There is substantial similarity in childrens preferences of food; high-fat and sweet foods are usually preferred by children, but vegetables are almost universally disliked44. In line with these results, a study that investigated food patterns across the FTO genotypes found that A allele carriers consumed a higher number of meals per day and ate more servings of energy-dense foods13.
In obese subjects, there is an association between rs9939609 genotype and fruit preference. Participants with the AA genotype did not prefer a fruit-vegetable diet. This finding is in line with a previous study in Chinese Han children and adolescents45. There is an interaction between FTO variants and fibre intake in those with general obesity, an effect that was more prominent in those who consumed high levels of dietary fibre and had a high number of risk alleles46.

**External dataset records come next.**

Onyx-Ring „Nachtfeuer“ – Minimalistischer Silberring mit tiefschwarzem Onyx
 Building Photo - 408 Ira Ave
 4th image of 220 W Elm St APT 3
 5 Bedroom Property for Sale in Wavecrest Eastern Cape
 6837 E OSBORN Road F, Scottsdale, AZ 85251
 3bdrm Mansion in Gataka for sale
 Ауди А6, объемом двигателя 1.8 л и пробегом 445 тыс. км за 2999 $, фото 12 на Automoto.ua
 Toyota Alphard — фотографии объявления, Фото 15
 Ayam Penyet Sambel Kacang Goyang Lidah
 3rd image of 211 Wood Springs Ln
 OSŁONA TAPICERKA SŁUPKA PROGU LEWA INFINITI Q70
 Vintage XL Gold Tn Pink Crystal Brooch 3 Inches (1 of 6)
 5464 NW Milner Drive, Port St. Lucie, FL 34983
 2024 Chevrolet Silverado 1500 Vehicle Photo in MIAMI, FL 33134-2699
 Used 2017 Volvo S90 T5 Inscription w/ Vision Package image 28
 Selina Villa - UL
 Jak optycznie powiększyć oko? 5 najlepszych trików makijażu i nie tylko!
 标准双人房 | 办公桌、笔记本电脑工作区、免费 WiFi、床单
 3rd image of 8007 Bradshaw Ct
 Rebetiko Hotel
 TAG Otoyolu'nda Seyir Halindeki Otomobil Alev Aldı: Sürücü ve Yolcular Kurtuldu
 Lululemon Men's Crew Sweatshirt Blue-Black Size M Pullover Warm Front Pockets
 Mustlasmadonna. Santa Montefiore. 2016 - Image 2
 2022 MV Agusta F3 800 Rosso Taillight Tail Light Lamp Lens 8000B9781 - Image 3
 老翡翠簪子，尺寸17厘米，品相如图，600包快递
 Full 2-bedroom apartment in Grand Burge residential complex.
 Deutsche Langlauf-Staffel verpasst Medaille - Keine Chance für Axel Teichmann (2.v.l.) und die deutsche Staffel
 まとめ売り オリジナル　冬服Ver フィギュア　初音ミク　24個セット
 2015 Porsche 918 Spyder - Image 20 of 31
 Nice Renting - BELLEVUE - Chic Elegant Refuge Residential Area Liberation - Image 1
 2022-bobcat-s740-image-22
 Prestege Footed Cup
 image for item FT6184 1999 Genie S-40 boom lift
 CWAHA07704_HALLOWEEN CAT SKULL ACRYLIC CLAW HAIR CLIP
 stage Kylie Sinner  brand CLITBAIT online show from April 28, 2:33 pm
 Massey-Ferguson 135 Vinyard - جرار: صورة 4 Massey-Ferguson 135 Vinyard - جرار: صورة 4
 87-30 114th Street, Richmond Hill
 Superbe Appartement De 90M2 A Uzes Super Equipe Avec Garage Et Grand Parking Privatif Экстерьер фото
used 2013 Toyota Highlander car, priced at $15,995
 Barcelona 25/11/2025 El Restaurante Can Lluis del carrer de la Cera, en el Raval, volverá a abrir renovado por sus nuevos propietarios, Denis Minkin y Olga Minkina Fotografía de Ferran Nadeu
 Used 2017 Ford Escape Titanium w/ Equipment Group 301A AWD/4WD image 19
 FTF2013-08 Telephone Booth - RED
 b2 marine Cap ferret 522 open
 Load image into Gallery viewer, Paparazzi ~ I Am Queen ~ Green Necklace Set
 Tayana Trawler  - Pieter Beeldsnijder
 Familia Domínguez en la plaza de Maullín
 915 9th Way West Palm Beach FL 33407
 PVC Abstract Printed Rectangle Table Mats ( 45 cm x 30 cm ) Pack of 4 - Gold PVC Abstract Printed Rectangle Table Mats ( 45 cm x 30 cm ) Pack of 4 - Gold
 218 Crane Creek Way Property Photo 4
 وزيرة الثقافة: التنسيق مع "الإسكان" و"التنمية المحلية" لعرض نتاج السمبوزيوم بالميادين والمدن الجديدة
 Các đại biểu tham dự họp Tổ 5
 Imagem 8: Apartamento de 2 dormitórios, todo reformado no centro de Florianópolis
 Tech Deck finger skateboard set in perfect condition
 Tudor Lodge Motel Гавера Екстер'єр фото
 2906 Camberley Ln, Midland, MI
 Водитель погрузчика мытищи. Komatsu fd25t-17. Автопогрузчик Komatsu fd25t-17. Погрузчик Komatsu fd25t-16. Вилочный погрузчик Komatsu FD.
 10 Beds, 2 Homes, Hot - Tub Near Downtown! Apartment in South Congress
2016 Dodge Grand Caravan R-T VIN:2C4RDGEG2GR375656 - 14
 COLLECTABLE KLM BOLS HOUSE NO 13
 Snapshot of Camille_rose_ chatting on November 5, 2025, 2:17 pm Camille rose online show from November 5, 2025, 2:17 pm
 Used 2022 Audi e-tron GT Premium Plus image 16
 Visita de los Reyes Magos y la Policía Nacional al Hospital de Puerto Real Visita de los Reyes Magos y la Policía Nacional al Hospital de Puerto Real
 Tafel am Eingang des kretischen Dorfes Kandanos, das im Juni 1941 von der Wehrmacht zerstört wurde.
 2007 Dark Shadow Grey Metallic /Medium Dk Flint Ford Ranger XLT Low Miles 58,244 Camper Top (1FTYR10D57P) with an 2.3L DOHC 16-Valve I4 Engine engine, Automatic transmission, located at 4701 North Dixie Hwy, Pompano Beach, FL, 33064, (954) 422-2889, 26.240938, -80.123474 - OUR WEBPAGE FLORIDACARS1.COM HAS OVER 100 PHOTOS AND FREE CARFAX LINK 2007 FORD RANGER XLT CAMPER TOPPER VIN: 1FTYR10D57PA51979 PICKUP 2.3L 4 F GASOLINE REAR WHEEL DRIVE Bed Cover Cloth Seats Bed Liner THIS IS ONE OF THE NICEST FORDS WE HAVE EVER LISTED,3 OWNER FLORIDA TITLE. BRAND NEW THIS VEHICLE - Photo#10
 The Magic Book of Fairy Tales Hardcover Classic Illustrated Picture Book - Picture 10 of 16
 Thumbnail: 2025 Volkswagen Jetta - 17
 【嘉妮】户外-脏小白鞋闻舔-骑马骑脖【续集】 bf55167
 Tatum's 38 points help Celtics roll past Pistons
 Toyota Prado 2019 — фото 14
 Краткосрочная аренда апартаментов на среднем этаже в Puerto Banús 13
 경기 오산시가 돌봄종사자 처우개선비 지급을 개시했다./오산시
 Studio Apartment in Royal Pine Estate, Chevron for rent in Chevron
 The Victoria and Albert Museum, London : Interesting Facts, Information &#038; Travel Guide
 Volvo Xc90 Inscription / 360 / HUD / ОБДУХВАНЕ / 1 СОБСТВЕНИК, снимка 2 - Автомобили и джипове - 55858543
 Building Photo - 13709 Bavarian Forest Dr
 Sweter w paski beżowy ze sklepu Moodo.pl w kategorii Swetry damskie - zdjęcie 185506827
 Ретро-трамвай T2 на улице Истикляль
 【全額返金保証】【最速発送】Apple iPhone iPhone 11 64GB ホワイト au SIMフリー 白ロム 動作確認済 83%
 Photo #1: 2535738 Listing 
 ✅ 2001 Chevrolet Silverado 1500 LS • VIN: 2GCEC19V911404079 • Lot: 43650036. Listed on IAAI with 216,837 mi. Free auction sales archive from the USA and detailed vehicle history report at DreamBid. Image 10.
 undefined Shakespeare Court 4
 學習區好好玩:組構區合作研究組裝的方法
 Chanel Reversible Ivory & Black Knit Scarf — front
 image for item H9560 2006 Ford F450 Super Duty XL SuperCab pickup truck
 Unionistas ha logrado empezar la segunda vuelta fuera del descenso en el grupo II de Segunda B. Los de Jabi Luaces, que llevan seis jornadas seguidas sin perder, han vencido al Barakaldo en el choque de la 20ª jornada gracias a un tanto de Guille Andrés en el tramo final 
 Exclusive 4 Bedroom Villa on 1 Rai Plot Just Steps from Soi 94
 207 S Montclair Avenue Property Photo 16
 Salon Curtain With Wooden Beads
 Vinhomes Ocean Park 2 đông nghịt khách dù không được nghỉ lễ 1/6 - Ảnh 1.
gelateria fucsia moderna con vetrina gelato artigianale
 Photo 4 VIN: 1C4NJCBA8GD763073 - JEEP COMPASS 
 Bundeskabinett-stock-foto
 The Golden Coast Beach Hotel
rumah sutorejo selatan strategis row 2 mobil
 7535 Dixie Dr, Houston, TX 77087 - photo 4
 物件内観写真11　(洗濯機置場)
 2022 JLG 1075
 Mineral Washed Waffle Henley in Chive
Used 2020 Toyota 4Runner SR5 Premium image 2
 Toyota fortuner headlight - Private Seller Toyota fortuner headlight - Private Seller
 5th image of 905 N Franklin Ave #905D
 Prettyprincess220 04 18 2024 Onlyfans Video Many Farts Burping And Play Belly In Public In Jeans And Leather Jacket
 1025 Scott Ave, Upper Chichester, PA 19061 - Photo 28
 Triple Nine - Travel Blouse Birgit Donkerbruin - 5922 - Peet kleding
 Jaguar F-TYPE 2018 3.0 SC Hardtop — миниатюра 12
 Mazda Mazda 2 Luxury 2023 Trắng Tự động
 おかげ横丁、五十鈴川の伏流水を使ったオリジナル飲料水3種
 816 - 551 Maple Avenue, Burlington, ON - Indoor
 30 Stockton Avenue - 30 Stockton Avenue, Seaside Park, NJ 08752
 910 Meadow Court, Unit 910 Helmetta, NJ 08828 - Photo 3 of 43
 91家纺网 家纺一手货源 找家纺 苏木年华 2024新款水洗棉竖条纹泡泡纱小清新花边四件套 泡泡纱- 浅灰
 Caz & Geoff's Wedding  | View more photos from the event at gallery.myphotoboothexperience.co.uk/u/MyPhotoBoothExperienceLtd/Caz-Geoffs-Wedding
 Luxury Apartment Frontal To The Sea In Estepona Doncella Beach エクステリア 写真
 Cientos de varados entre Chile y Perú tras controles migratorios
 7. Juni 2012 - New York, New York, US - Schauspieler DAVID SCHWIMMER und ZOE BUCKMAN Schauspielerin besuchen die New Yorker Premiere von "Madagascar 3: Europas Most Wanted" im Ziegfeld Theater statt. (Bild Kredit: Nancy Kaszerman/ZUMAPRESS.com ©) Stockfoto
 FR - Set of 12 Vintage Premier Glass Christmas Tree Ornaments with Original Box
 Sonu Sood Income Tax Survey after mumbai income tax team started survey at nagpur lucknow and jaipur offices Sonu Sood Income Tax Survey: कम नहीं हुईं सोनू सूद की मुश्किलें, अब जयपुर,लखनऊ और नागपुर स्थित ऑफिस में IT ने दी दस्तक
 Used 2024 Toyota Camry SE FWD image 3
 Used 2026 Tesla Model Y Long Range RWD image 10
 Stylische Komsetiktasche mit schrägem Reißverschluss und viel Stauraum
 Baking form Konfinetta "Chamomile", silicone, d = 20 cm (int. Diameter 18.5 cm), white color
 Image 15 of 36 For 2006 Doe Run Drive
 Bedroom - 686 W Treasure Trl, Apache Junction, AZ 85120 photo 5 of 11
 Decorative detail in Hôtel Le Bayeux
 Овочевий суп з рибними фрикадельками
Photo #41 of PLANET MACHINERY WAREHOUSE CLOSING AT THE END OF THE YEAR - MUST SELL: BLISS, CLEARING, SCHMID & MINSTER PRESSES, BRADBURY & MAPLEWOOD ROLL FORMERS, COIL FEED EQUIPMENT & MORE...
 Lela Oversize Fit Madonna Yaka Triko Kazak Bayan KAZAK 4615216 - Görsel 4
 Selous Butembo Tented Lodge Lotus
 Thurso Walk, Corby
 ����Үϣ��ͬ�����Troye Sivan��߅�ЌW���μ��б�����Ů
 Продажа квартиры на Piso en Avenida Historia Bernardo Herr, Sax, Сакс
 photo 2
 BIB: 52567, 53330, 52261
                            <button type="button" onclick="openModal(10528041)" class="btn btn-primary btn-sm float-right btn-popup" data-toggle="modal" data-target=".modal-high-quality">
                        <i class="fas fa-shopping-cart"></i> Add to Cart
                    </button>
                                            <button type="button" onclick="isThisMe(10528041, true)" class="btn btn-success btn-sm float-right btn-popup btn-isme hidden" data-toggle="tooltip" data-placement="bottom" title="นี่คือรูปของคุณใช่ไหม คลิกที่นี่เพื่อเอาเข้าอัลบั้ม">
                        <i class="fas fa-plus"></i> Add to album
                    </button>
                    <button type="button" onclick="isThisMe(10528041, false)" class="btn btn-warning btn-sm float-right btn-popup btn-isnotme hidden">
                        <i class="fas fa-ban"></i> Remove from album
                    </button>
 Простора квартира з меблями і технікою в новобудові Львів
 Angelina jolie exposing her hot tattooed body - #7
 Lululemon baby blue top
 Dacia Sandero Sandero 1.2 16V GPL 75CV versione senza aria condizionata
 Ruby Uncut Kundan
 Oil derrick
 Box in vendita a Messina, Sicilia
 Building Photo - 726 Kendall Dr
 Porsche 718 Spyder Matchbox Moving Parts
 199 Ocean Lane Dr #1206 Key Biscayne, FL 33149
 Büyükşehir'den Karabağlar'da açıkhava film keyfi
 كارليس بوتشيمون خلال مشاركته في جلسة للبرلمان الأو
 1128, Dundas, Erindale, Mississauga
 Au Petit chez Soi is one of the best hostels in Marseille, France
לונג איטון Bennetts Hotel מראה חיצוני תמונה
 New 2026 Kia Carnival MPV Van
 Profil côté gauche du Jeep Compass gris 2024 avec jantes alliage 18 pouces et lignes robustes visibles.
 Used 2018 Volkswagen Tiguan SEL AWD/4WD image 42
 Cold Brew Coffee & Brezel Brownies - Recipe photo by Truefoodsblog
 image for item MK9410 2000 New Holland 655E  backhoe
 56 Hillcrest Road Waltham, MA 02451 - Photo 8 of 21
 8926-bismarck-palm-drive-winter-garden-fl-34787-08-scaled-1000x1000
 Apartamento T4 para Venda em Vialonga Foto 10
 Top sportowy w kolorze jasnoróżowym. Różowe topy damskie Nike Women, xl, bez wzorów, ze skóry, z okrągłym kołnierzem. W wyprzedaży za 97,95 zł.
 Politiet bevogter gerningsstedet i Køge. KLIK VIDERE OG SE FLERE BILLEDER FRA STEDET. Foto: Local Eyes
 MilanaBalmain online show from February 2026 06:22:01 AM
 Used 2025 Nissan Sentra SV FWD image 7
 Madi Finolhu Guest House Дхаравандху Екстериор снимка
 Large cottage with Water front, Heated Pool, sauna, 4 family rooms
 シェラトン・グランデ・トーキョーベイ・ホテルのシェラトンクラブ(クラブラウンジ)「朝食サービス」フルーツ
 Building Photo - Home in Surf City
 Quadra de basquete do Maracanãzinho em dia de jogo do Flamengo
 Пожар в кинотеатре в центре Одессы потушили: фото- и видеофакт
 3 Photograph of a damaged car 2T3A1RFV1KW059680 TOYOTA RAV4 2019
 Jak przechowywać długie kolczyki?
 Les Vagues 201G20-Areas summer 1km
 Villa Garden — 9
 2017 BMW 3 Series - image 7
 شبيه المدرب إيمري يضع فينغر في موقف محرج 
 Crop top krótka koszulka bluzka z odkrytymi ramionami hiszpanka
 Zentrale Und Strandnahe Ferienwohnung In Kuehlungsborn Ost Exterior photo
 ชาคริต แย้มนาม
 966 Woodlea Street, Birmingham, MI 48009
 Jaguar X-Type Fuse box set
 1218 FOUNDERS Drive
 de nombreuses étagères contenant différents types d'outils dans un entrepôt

Based on cooking method, in obese subjects, there was a significant association between FTO genotype and a preference for meat curry. Participants with the A allele had a lower intake of meat curry than those with other genotypes. Meat curry consists of meat (fish, chicken and beef) with coconut and many spices, especially phenolic compounds. Phenolic compounds, as secondary metabolites in plants, present the greatest evidence of effective obesity treatment. Polyphenols may provide beneficial effects on adipose tissue under obese conditions by reducing intracellular oxidative stress and chronic low-grade inflammation and by suppressing adipogenesis, lipogenesis and the differentiation of preadipocytes to mature adipocytes47. As one of the spices in curry, turmeric contains curcumin, which is an active ingredient that can be utilized to reduce weight.
CONCLUSION
Obese subjects with the A allele consume more fried food and less fruit than those with the T allele. Furthermore, obese subjects with the A allele do not prefer a diet including fruits-vegetables and meat curry. High fried food intake and low fruit, vegetable and curry intake may increase obesity prevalence in subjects with the A allele.
The strength of this research is that the study has been conducted in numerous samples and various geographic distributions comprising rural and urban subjects. The limitation of this study is that the study was a cross-sectional study, which cannot trace causal mechanisms. Based on this limitation, future research will include an intervention study.
SIGNIFICANCE STATEMENT
This research found a relationship between the FTO rs9939609 polymorphism and obesity. The results of this study could be used by health care professionals to set weight management goals and provide dietary assistance for people with a genetic tendency for obesity.
ACKNOWLEDGMENTS
We express our gratitude to Danone Institute Indonesia for funding this research (No: 002/D/DII/2014) and Fakultas Keperawatan Universitas Andalas (No: 1344/UN.16.13.D/PL/ FKEP/2017). We also thank the Program Bantuan Seminar Luar Negeri, Universitas Andalas and our participants, without whom this study would not have been possible.